EXERCISE AIM:
Extract the lines up to and including the one that contains "Now, once this", starting with the first line of the entries below, and omit the pictures.

DATA FOR REVIEW:
####

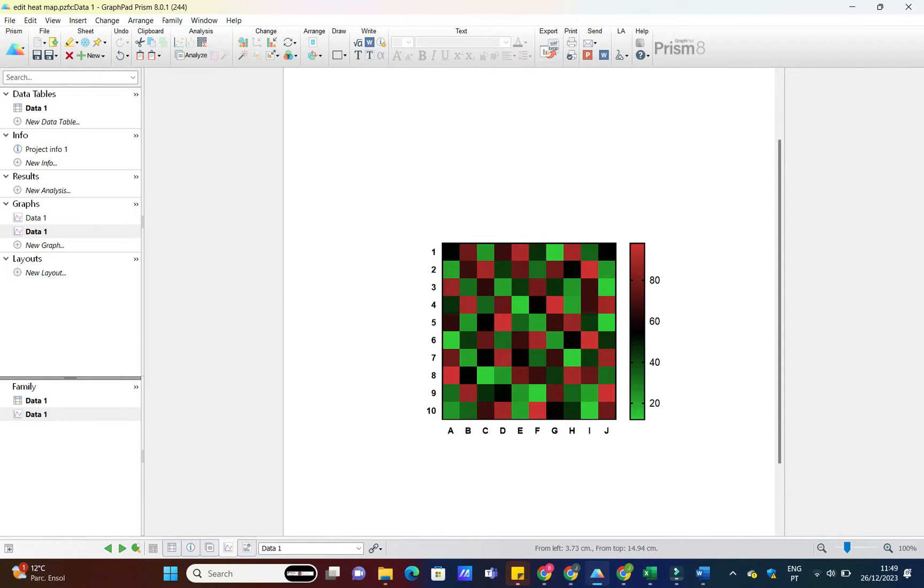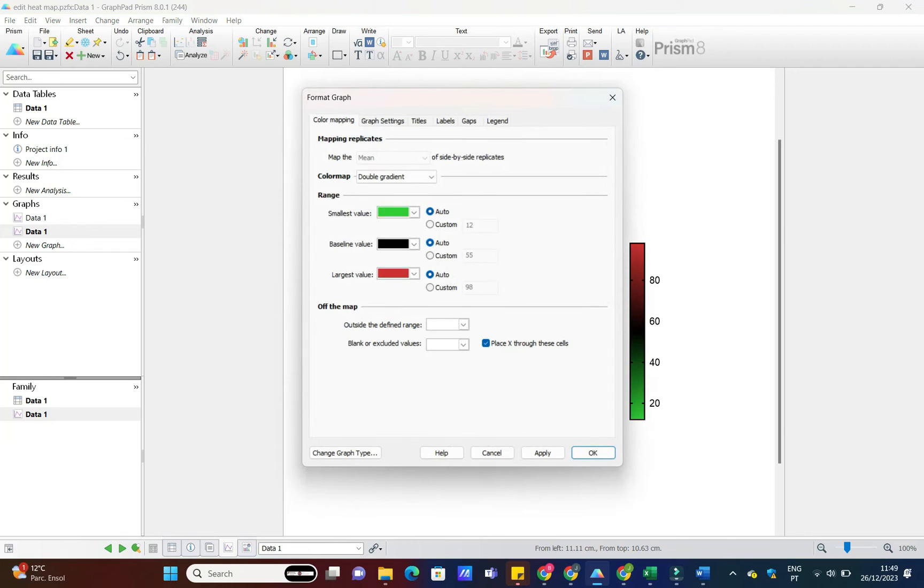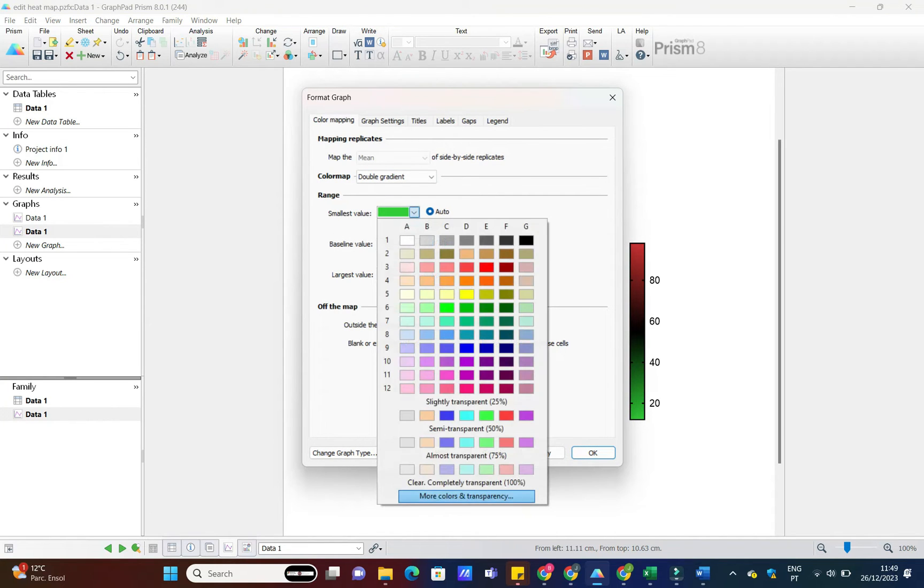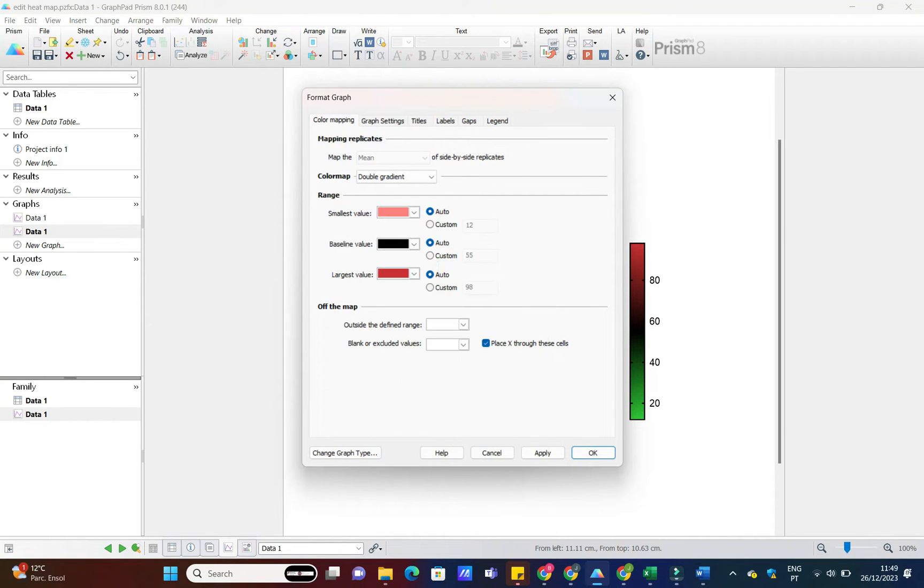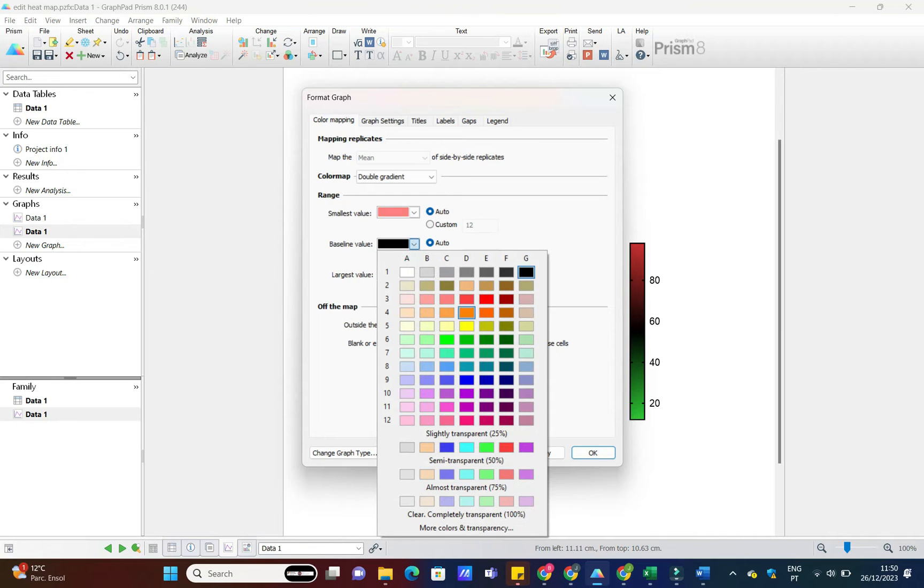Let's add some personality to our heatmap by customizing the colors. Head over to the Format tab, click Color Scheme, and choose from the preset options or create your own color gradient. This is where you can make your data visually striking and easy to interpret.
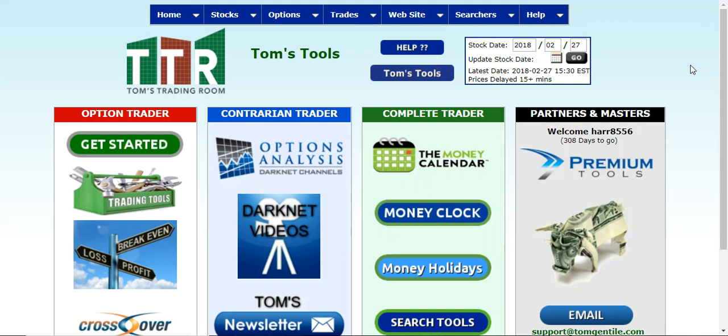Hi everyone, this is Jay Harris coming to you from Tom's Trading Room. I have a video presentation here for you on how to do a search on stocks with high call option volume.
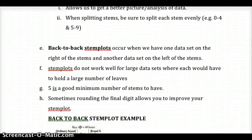Back-to-back stem plots are used when we have two sets of data, and they're a good way of comparing distributions. The place values go in the middle, with one set of data on the right and a second set on the left. The stem plot on the left has numbers going from least to greatest from right to left, whereas on the right side it goes from least to greatest from left to right. Let's take a look at what that means.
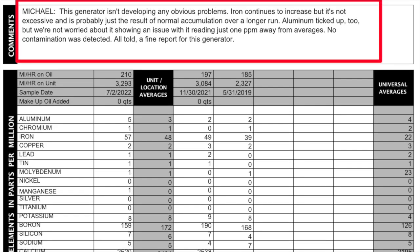On the July 2nd, 2022 report, iron went up another almost 10 points to 57. The comments read: 'Michael, this generator isn't developing any obvious problems. Iron continues to increase, but it's not excessive — it's probably just a result of normal accumulation over a longer run. Aluminum ticked up too, but we're not worried about it showing an issue with it reading just one part per million away from the averages. No contamination was detected. All told, a fine report for this generator.' So even though the number was going up, their comments really helped get me more comfortable with the readings.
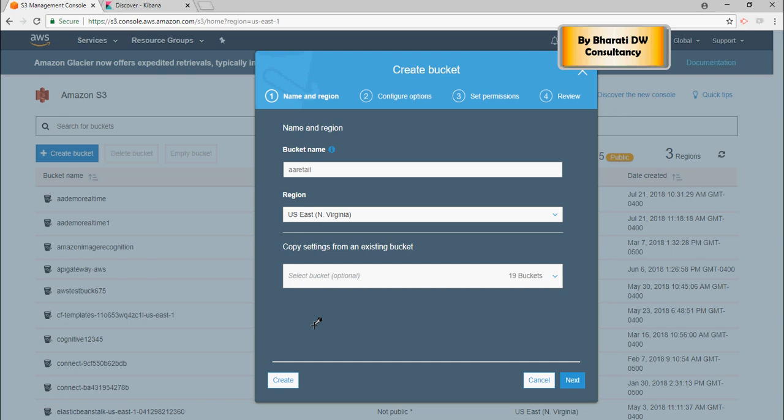Now, once this is created, in the next session I'm going to talk about what to do next in order to run this whole architecture together. Thank you for watching.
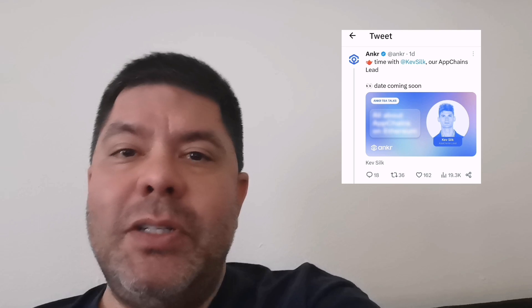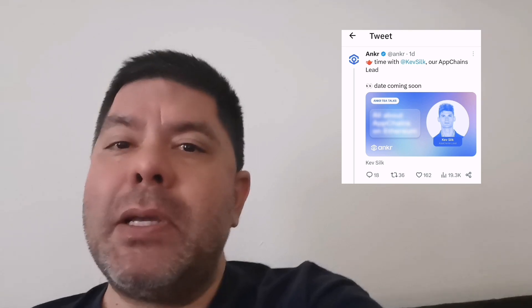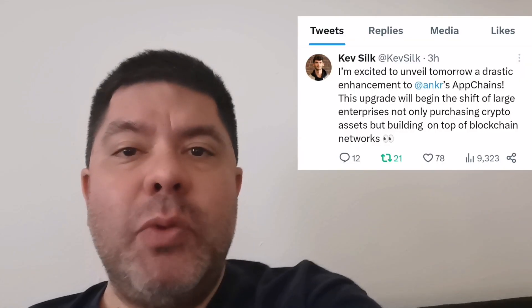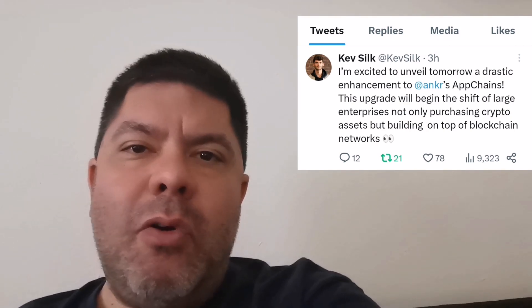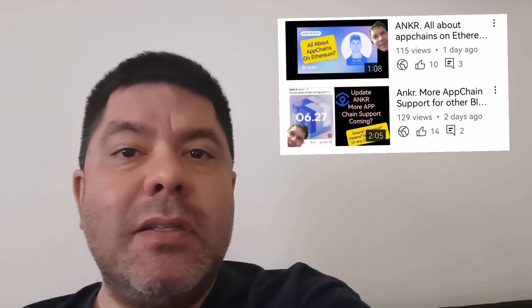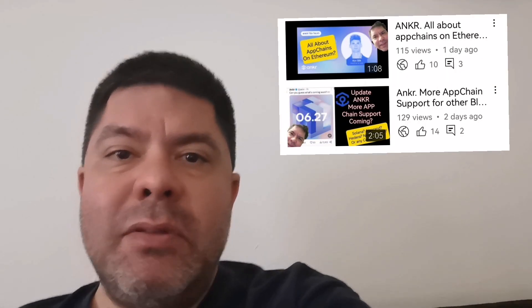It sounds like Anchor is going to talk about an app change tomorrow. Big Kev sent out a tweet — if you've been watching the channel, you kind of already knew that — and we've kind of already guessed it was going to be based on app chains. It sounds like they are going to be upgrading the app chains, possibly talking about security for the app chains or speed.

####

OUTPUT:
Let's add some personality to our heatmap by customizing the colors. Head over to the Format tab, click Color Scheme, and choose from the preset options or create your own color gradient. This is where you can make your data visually striking and easy to interpret.
Hi everyone, this is Jay Harris coming to you from Tom's Trading Room. I have a video presentation here for you on how to do a search on stocks with high call option volume.
Back-to-back stem plots are used when we have two sets of data, and they're a good way of comparing distributions. The place values go in the middle, with one set of data on the right and a second set on the left. The stem plot on the left has numbers going from least to greatest from right to left, whereas on the right side it goes from least to greatest from left to right. Let's take a look at what that means.
On the July 2nd, 2022 report, iron went up another almost 10 points to 57. The comments read: 'Michael, this generator isn't developing any obvious problems. Iron continues to increase, but it's not excessive — it's probably just a result of normal accumulation over a longer run. Aluminum ticked up too, but we're not worried about it showing an issue with it reading just one part per million away from the averages. No contamination was detected. All told, a fine report for this generator.' So even though the number was going up, their comments really helped get me more comfortable with the readings.
Now, once this is created, in the next session I'm going to talk about what to do next in order to run this whole architecture together. Thank you for watching.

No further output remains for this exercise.